In this paper, we present and validate a complete hardware/software infrastructure for accurate power measurement of architectures based on PCIe accelerators. We describe the environment from two perspectives: (1) hardware elements and measurement instrumentation deployed in our system, and (2) software stack used to profile real applications using the aforementioned hardware elements. The validation is performed on an Intel Xeon Phi 5110P, comparing it with the power consumption information reported by the Intel SMC tool.

The environment is built around commodity measurement instrumentation (a multi-channel DC power analyzer/datalogger with SCPI—Standard Commands for Programmable Instruments—[1] capabilities), and reports isolated information of all power sources for PCIe accelerators, including power lines of the PCIe bus (12V and 3.3V) and external 12V connectors.

From the software perspective, we complement the aforementioned environment by extending the pmlib infrastructure [4] to communicate with a central measurement unit via standard SCPI commands. This new functionality allows a transparent replacement of the selected central measurement unit by virtually any other instrumentation equipment, provided it offers SCPI capabilities, which provides flexibility depending on the desired monitoring necessities.

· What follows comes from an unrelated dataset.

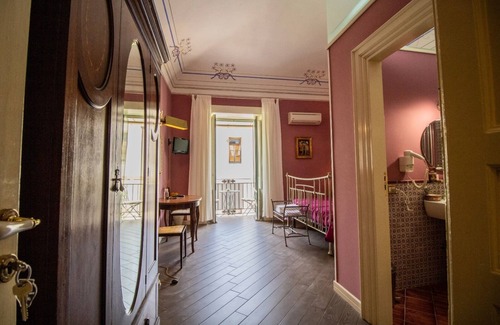 Santo Stefano di Camastra Bed & Breakfast | THE PALACE B&B and Apartments - FLOWER LUXURY ROOM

A number of previous works have addressed power consumption analysis or measurement environments for PCIe accelerators, mostly targeting GPUs. [7] proposes a power consumption comparison between CUDA and OpenCL for legacy GPU architectures, using a PCIe extender to measure exclusively power drawn through the 12V lines of the PCIe bus, and using datalogging capabilities to trace accelerated codes. On the contrary, [9] completely ignores the power supplied through the PCIe bus and only considers external 12V connectors to profile the energy consumption of the FFT on heterogeneous platforms. Authors in [2] present an accurate power simulator for GPGPU, and support their estimated results with empirical data using a complex ad-hoc power measurement environment that considers all power sources of modern GPUs, including that provided through 12V and 3.3V lines of the PCIe slot. As of today, few works have addressed the Intel Xeon Phi as the target platform for power consumption analysis. [8] models the energy profile of an instrumented beta version of a Xeon Phi card, and validates it using microbenchmarks, using a data acquisition system to collect power samples.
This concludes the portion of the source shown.